"Give not the compass and the level to the false measurer; for with true instruments, he will make untrue apportionments. And he will say: 'See, I carry on me the level, the rule and the square, and I am a good measurer.' So long as men shall be covetous and cruel, will they make the most merciful laws cruel, and will rob their brethren with words of love on their lips. This is why it is vain to reveal to them the words of love and the laws of gentleness.

"Set not up laws against laws, nor raise tables of marble and tables of brass before men's eyes. For whatever is written on the tables of the Law, is written in letters of blood."

So spoke the holy man. And the other prisoner,—he who had committed startling murders, and contrived the ruin that was to save the city, approved his words and said:

"Comrade, you have spoken well. Know you, I will never set up law against law, right rule against crooked rule; my wish is to destroy the law by violence and compel the citizens to live thenceforth in happy freedom. And know further that I have slain both judges and soldiers, and have committed many crimes for the public good."

Hearing these words, the man of the Lord rose, stretched out his manacled arms in the heavy darkness and cried:

"Ill betide the violent! for violence ever begets violence. Whosoever acts like you is sowing the earth with hate and fury, and his children shall tear their feet with the wayside briars, and serpents shall bite their heel.

"Ill betide you! for you have shed the blood of the unjust judge and the brutal soldier, and lo! you are become like the soldier and the judge yourself. Like them you bear on your hands the indelible stain.

"A fool the man who says, 'We will do evildoing in our turn, and our heart shall be comforted. We will be unjust, and it shall be the beginning of justice.' Evildoing is in evil desiring. Desire nothing, and evildoing will be done away. Injustice hurts only the unjust; I shall suffer no harm of it, if I am just. Oppression is a sword whose hilt wounds the hand of him who holds it; but its point cannot pierce the heart of the man who is simple-minded and good and kind.

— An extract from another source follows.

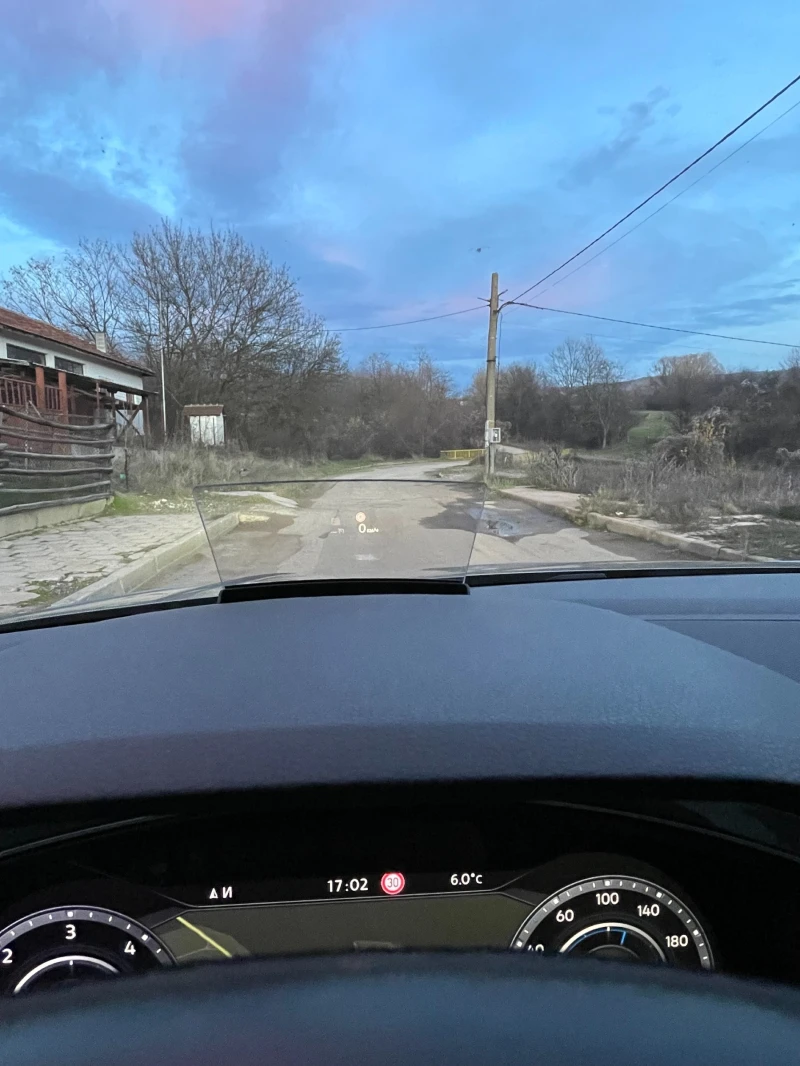 VW Tiguan R-line/360* /Pano/Matrix/FULL, снимка 12 - Автомобили и джипове - 52597992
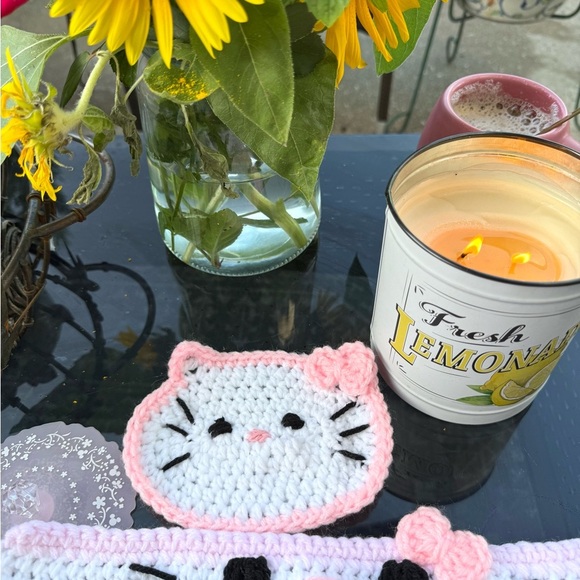 Hello Kitty Crochet Mug Cozy and Coaster Set – Handmade Cute Pastel Gift - Picture 7 of 7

"For such an one nothing is dangerous, if he fear nothing. To endure all things, is to endure nothing. Let us be good and kindly, and the whole round world shall be the same. For the world will be an instrument for your goodness, and your persecutors will work to make you better and more beautiful.

"You love life, and this is an affection which rules the heart of every man. Then love suffering; for to live is to suffer. Never envy your cruel masters; rather have compassion for the commanders of armies. Pity the Publicans and Judges; the proudest of them have known the stings of grief and the terrors of death. Happier you, because your consciences are void of offence; for you, let grief lose its bitterness and death its terrors.